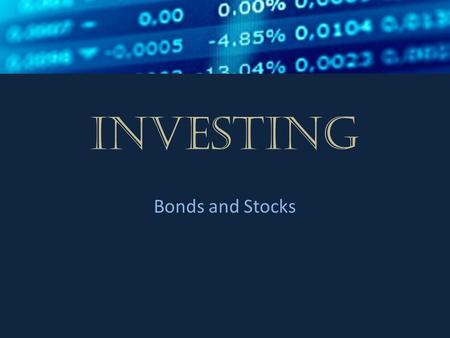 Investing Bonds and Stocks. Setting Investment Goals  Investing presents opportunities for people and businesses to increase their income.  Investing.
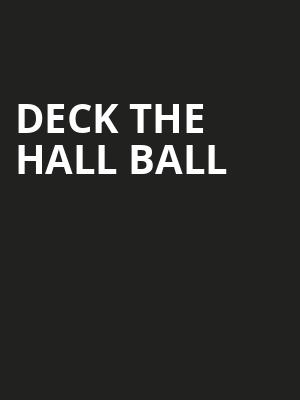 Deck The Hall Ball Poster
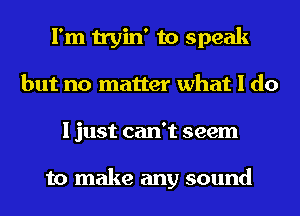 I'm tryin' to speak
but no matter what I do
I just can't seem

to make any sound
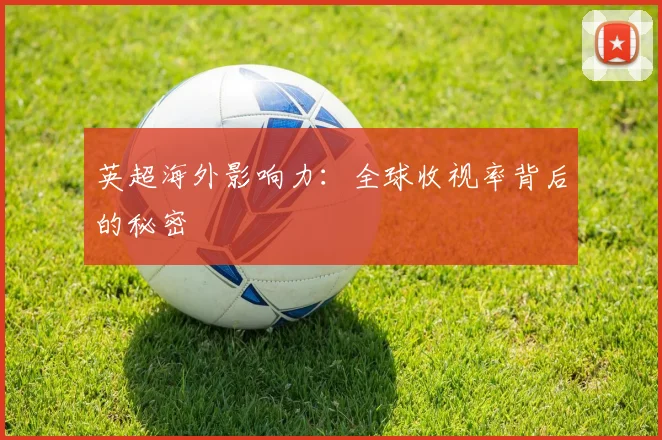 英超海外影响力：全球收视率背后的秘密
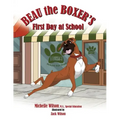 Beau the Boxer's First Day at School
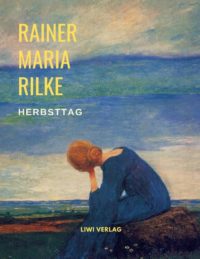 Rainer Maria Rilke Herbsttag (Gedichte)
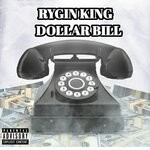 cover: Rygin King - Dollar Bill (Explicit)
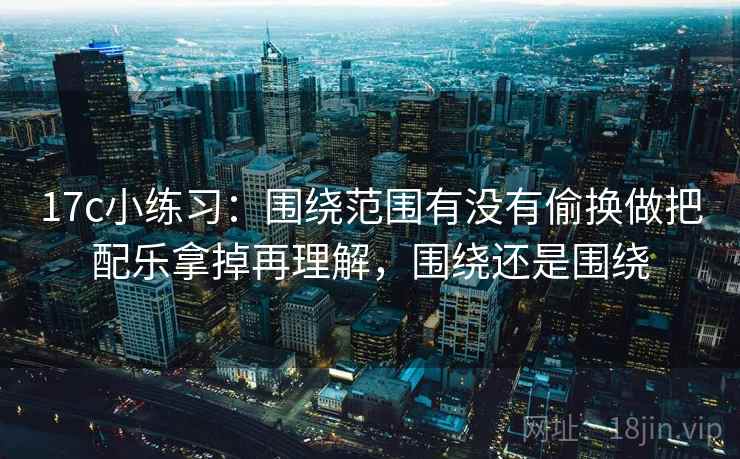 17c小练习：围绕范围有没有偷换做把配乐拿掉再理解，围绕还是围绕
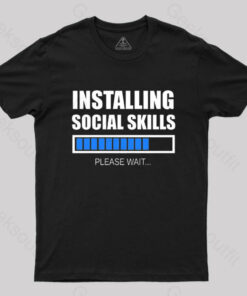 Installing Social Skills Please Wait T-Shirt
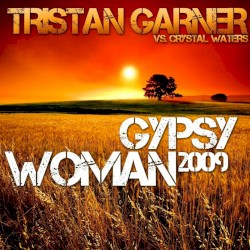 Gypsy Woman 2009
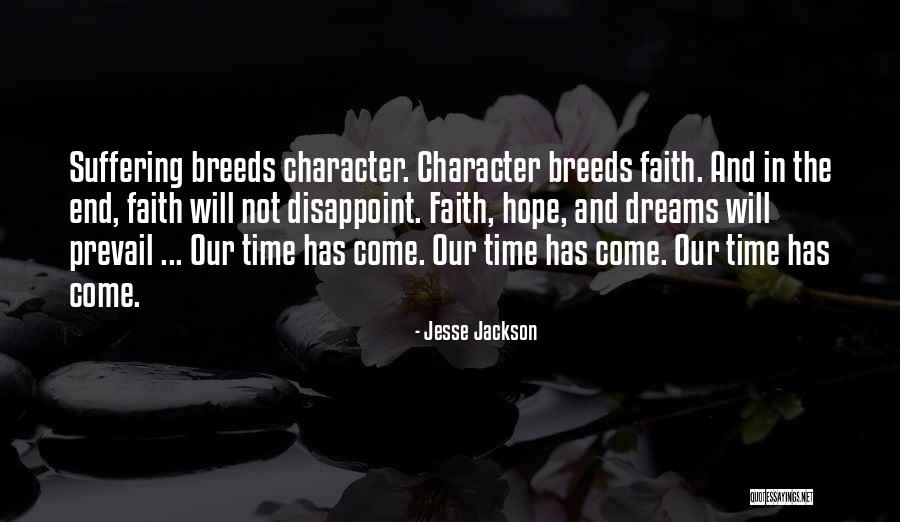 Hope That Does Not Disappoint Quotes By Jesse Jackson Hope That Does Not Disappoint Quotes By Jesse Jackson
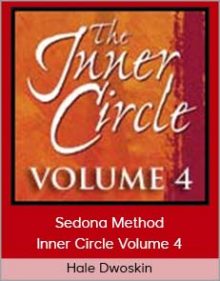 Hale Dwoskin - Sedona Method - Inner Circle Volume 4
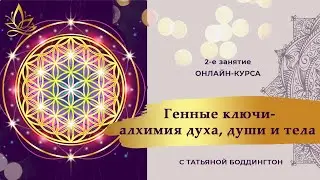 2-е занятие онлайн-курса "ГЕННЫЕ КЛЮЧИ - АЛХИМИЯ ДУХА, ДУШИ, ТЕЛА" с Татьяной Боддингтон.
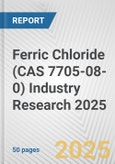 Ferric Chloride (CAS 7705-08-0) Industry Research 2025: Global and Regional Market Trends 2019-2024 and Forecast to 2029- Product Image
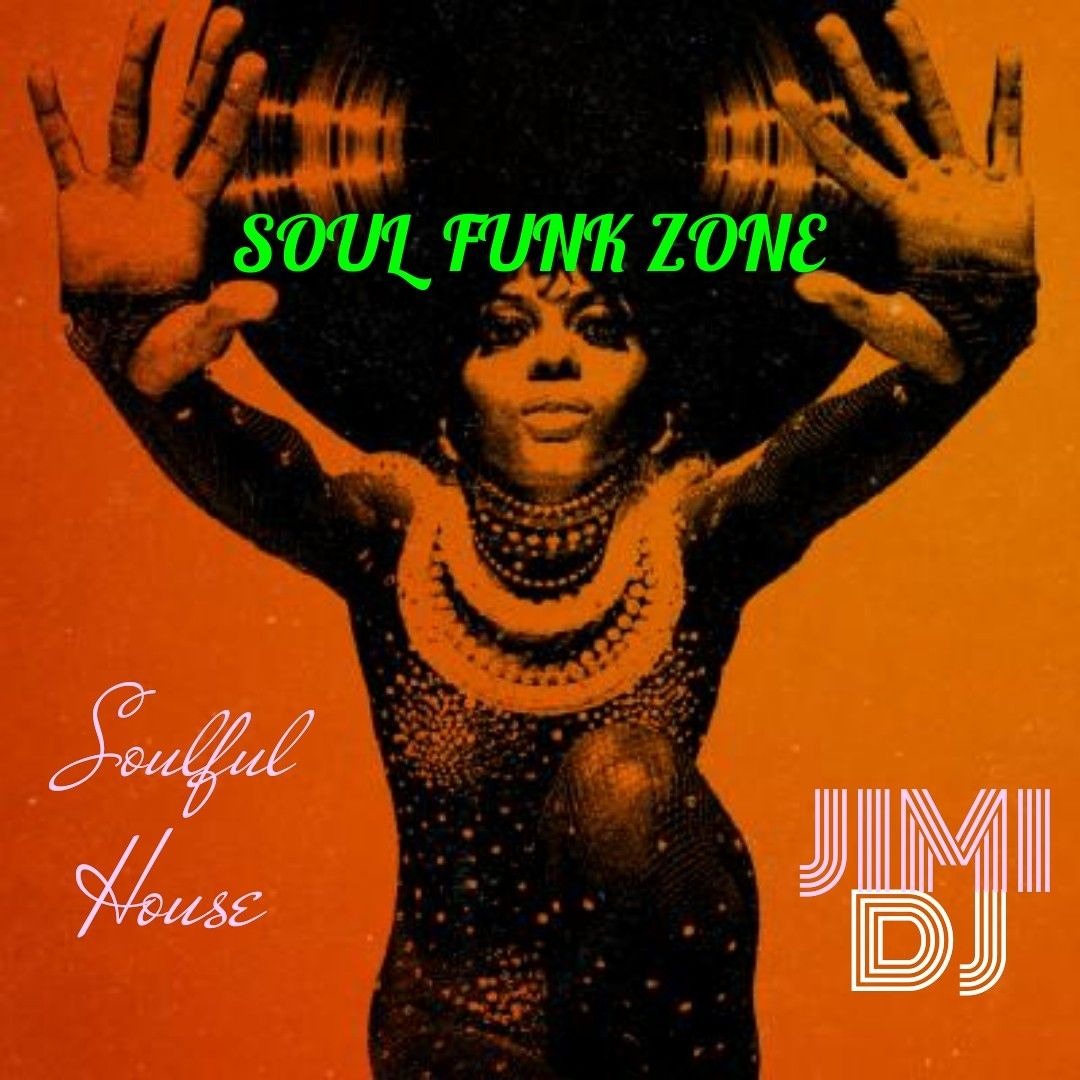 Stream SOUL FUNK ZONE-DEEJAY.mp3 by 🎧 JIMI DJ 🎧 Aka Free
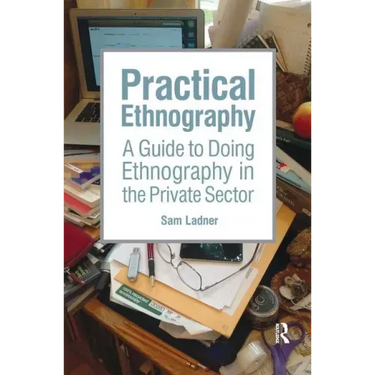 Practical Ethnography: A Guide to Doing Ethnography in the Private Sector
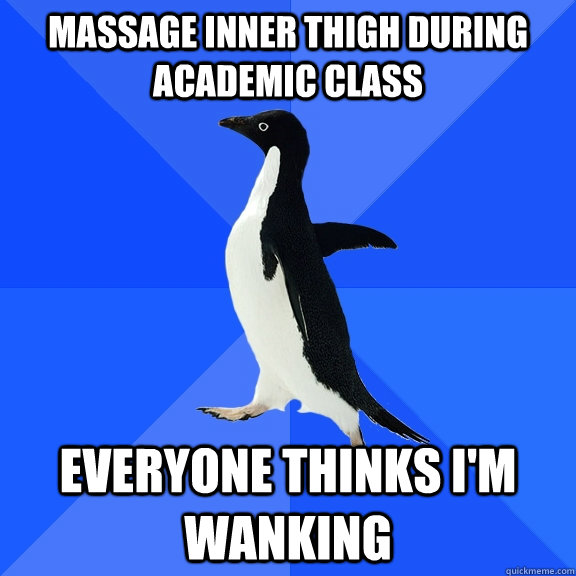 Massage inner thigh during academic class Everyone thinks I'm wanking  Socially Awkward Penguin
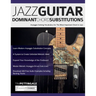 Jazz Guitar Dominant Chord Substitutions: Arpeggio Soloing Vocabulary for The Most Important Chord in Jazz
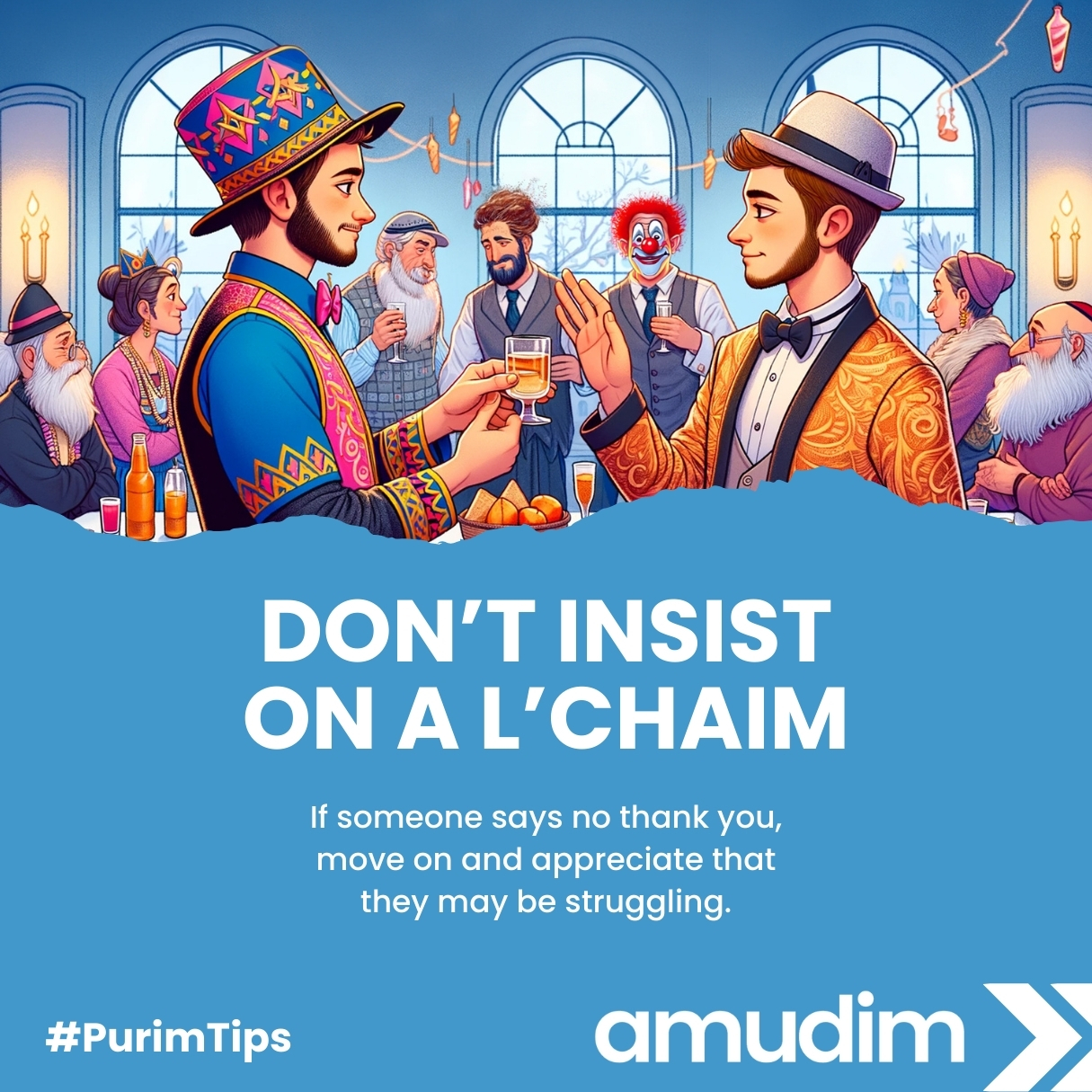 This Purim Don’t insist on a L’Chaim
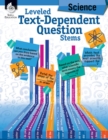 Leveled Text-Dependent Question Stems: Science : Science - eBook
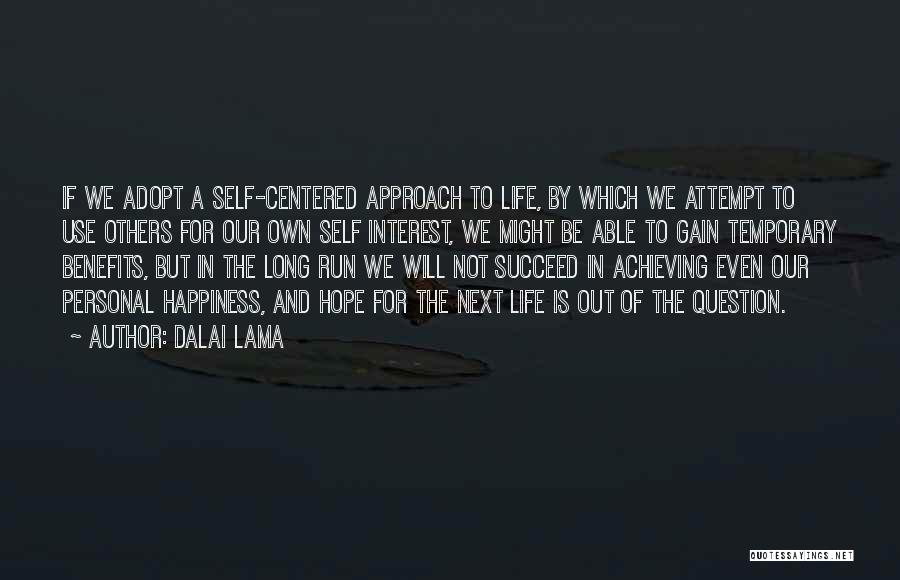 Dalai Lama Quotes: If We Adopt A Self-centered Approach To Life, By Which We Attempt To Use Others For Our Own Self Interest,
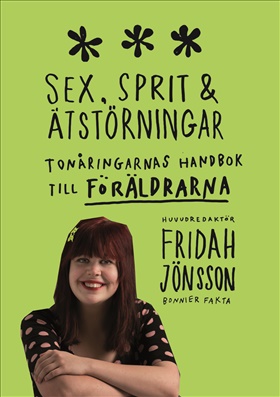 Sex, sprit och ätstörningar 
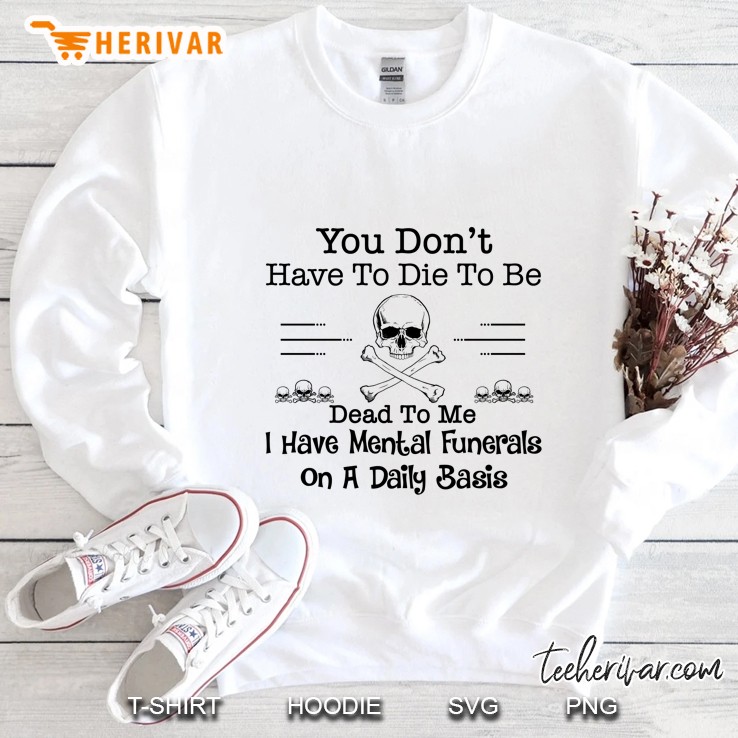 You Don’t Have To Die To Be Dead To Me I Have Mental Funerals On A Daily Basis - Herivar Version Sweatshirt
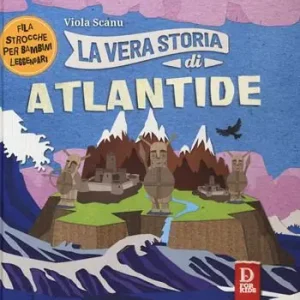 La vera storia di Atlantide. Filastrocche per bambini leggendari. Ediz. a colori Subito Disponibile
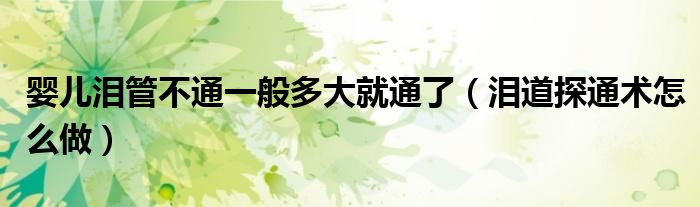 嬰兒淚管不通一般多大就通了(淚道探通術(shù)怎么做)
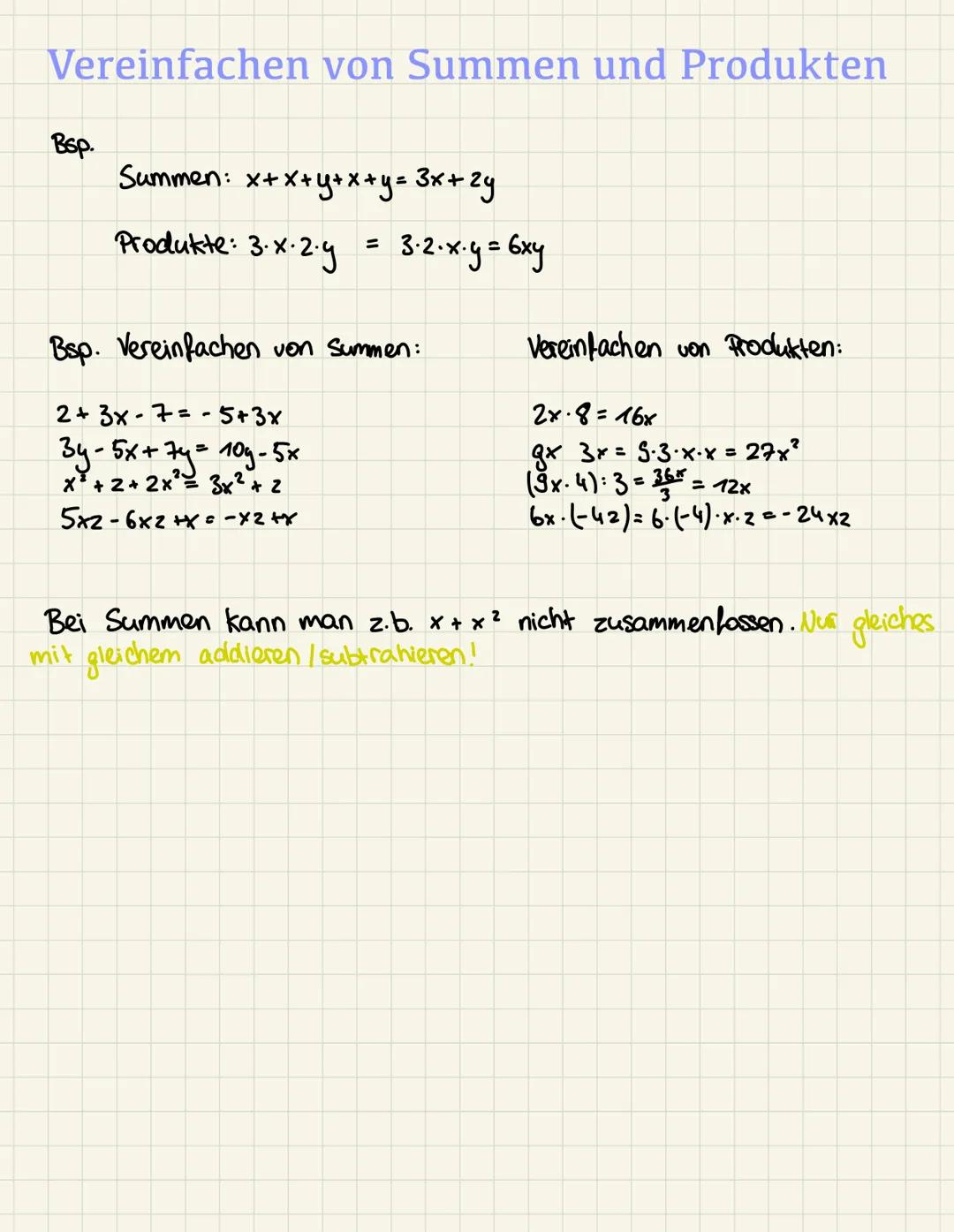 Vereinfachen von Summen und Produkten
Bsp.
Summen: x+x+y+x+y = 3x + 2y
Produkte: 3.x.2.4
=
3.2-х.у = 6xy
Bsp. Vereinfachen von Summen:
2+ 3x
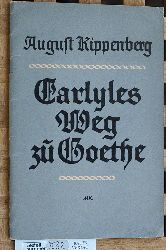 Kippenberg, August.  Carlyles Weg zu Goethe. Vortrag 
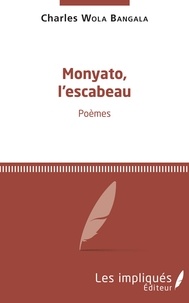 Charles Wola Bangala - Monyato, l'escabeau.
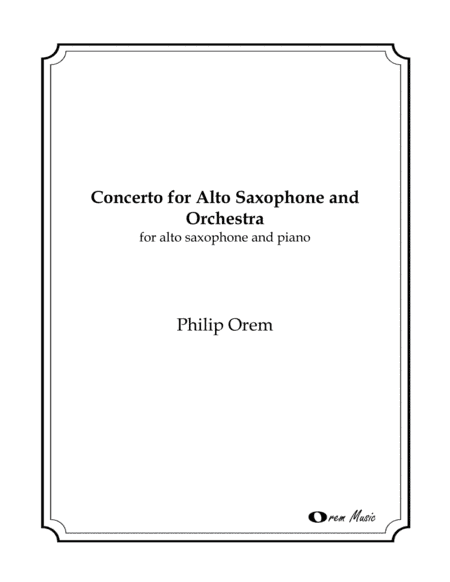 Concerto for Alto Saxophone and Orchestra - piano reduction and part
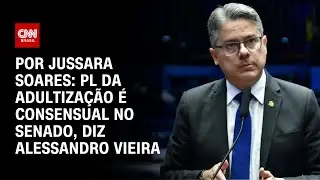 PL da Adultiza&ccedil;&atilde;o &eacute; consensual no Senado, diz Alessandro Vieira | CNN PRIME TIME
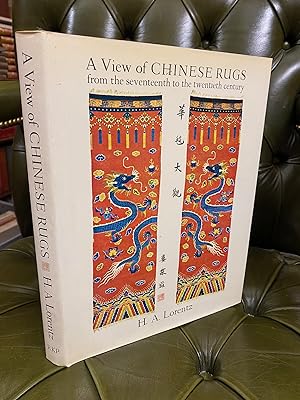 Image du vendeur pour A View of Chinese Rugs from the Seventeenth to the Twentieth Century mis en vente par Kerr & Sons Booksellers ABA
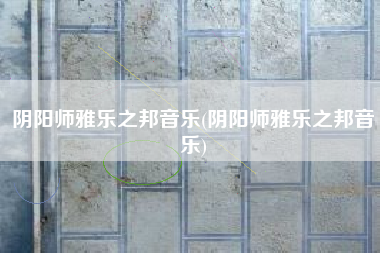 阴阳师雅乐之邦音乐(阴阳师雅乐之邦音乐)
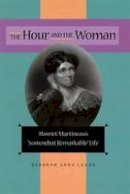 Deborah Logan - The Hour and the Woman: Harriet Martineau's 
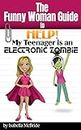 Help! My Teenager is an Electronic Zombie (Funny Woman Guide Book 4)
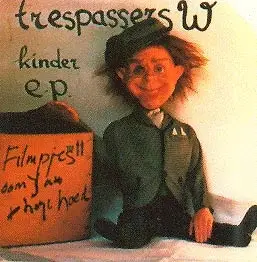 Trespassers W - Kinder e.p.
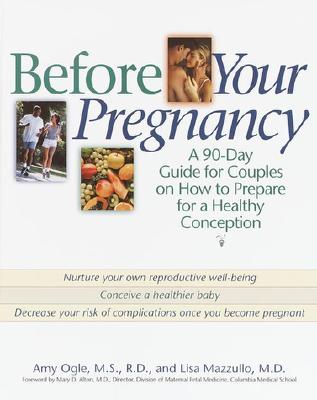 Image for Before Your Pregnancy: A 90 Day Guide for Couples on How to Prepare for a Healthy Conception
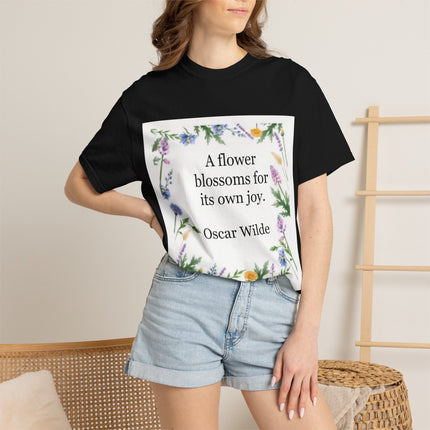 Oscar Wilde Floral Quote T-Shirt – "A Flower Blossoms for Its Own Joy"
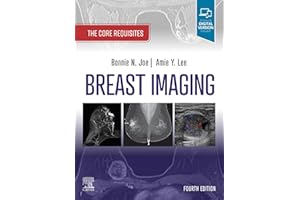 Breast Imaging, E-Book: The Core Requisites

* * * * * * *

▸ **WORK INSTRUCTION**: Give an exact copy of the listing, without its pictures.

▸ **FINAL ANSWER**:
 Investing Bonds and Stocks. Setting Investment Goals  Investing presents opportunities for people and businesses to increase their income.  Investing.
 Deck The Hall Ball Poster
 I'm tryin' to speak
but no matter what I do
I just can't seem

to make any sound
 英超海外影响力：全球收视率背后的秘密
 Beau the Boxer's First Day at School
 Rainer Maria Rilke Herbsttag (Gedichte)
 cover: Rygin King - Dollar Bill (Explicit)
 17c小练习：围绕范围有没有偷换做把配乐拿掉再理解，围绕还是围绕
 Installing Social Skills Please Wait T-Shirt
 Gypsy Woman 2009
 Hope That Does Not Disappoint Quotes By Jesse Jackson Hope That Does Not Disappoint Quotes By Jesse Jackson
 Hale Dwoskin - Sedona Method - Inner Circle Volume 4
 2-е занятие онлайн-курса "ГЕННЫЕ КЛЮЧИ - АЛХИМИЯ ДУХА, ДУШИ, ТЕЛА" с Татьяной Боддингтон.
 Ferric Chloride (CAS 7705-08-0) Industry Research 2025: Global and Regional Market Trends 2019-2024 and Forecast to 2029- Product Image
 Stream SOUL FUNK ZONE-DEEJAY.mp3 by 🎧 JIMI DJ 🎧 Aka Free
 Practical Ethnography: A Guide to Doing Ethnography in the Private Sector
 Massage inner thigh during academic class Everyone thinks I'm wanking  Socially Awkward Penguin
 Jazz Guitar Dominant Chord Substitutions: Arpeggio Soloing Vocabulary for The Most Important Chord in Jazz
 This Purim Don’t insist on a L’Chaim
 Leveled Text-Dependent Question Stems: Science : Science - eBook
 Dalai Lama Quotes: If We Adopt A Self-centered Approach To Life, By Which We Attempt To Use Others For Our Own Self Interest,
 Sex, sprit och ätstörningar 
 You Don’t Have To Die To Be Dead To Me I Have Mental Funerals On A Daily Basis - Herivar Version Sweatshirt
 La vera storia di Atlantide. Filastrocche per bambini leggendari. Ediz. a colori Subito Disponibile
 嬰兒淚管不通一般多大就通了(淚道探通術(shù)怎么做)
 Vereinfachen von Summen und Produkten
Bsp.
Summen: x+x+y+x+y = 3x + 2y
Produkte: 3.x.2.4
=
3.2-х.у = 6xy
Bsp. Vereinfachen von Summen:
2+ 3x
 Kippenberg, August.  Carlyles Weg zu Goethe. Vortrag 
 Charles Wola Bangala - Monyato, l'escabeau.
 Concerto for Alto Saxophone and Orchestra - piano reduction and part
 PL da Adultiza&ccedil;&atilde;o &eacute; consensual no Senado, diz Alessandro Vieira | CNN PRIME TIME
 Image du vendeur pour A View of Chinese Rugs from the Seventeenth to the Twentieth Century mis en vente par Kerr & Sons Booksellers ABA
 阴阳师雅乐之邦音乐(阴阳师雅乐之邦音乐)
 Deborah Logan - The Hour and the Woman: Harriet Martineau's 
 Help! My Teenager is an Electronic Zombie (Funny Woman Guide Book 4)
 Trespassers W - Kinder e.p.
 Image for Before Your Pregnancy: A 90 Day Guide for Couples on How to Prepare for a Healthy Conception
 Oscar Wilde Floral Quote T-Shirt – "A Flower Blossoms for Its Own Joy"
 Breast Imaging, E-Book: The Core Requisites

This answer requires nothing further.